Watersporters leven met de natuur. En waarempel: vandaag hebben twee leden een zeehond gespot die op de golfbreker naar onze haven lag.
Uiteraard bleef hij niet op de fotograaf wachten, maar het is toch gelukt om nog een paar plaatsjes te schieten.
Uit overleg met de Goereesluis blijkt dat zeehonden wel vaker het Haringvliet op zwemmen, maar dat ze zo ver komen als Numansdorp was nog niet eerder gezien.
Aad de zeehond
De eerste waarneming van de zeehond werd gedaan door de bemanning van ‘De Otter’ (What’s in a name?) die onze zeehond de naam “Aad” hebben gegeven.
Verdere uitleg over die naamkeuze konden ze ons niet geven.


IJsvogel
Het gaat dit jaar zowiezo goed met de fauna op de haven. Vorige week spotten we een ijsvogel, die een mooie toevoeging is aan ons gezelschap van futen, eenden, meerkoeten, aalscholvers, zwanen en ganzen.
En vergeet niet de zeearend die regelmatig boven het havenkantoor cirkelt.
Aalscholver
Deze aalscholver zat laatst onder de steiger rustig te wachten tot hij een prooi kon aanslaan. Dat is voor een Alk hier een eenvoudig klusje.

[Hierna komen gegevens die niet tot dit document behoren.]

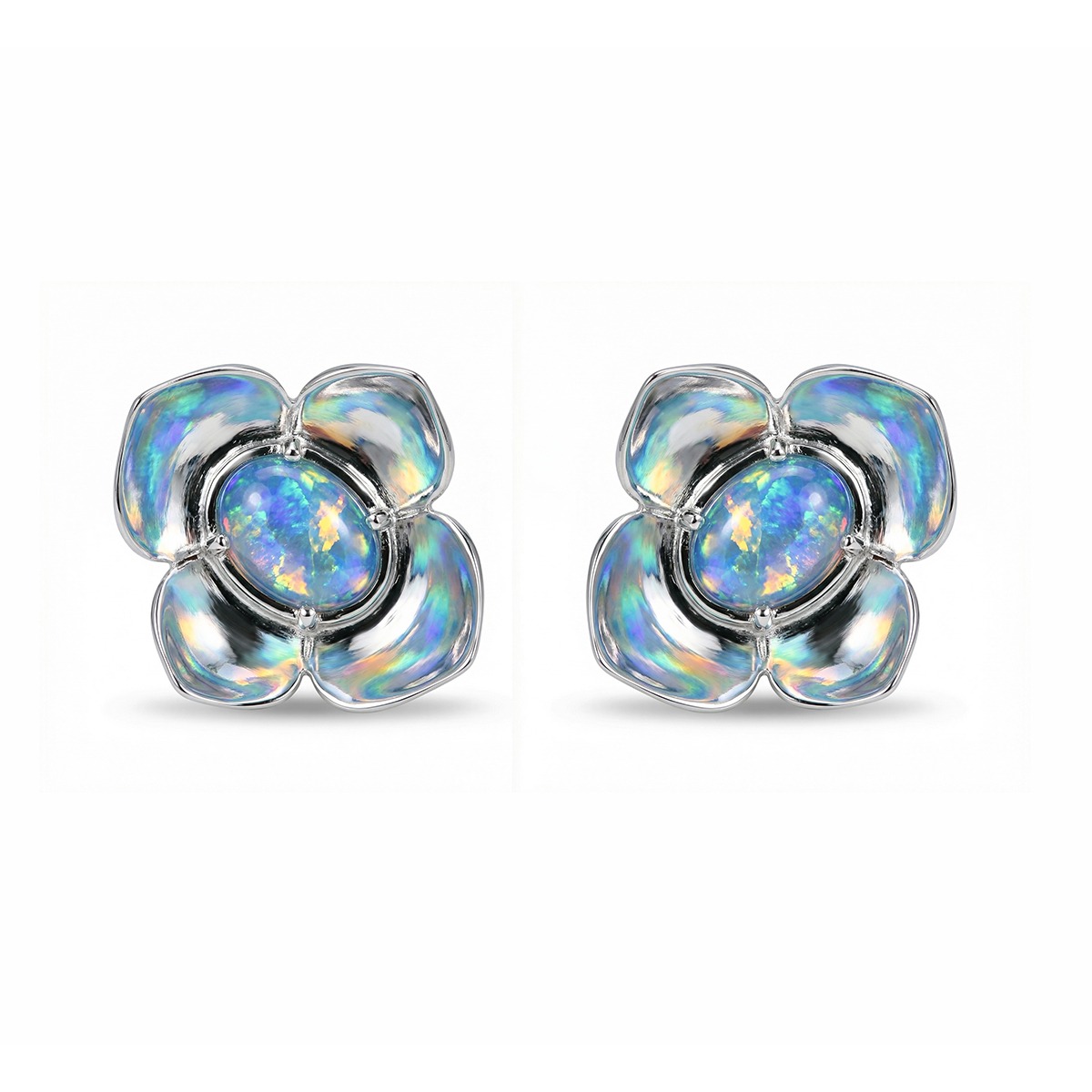 Iridescent Opal Blossom Stud Earrings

Je kunt ze ook wel eens op het Haringvliet met grote snelheid het water in zien duiken om meters onder water feilloos hun favourite eten (paling) aan te slaan. Je bent tenslotte een aalscholver of niet…

Lepelaar
Een Iconische Bewoner van het Haringvliet en Hollands Diep
Deze majestueuze vogel, herkenbaar aan zijn unieke lepelvormige snavel, symboliseert de rijkdom van onze natuur en is een schitterend succesverhaal van natuurherstel in Nederland.
Waar rond 1970 nog slechts 170 broedparen te vinden waren, zijn er tegenwoordig meer dan 2.500 lepelaars in ons land. Dit herstel is nauw verbonden met ons Deltagebied, dat dient als een essentiële pleisterplaats. In het Haringvliet, met concentraties op de Ventjagersplaten, Beningerslikken en het Zuiderdiep, vinden we deze vogels verspreid. Sinds 1999 broeden de lepelaars ook op de Sassenplaat in het Hollands Diep. Het nabijgelegen Voornes Duin speelde een cruciale rol toen de lepelaar zich in 1989 als broedvogel vestigde in het Quackjeswater. Deze kolonie groeide tot een van de grootste van Nederlan.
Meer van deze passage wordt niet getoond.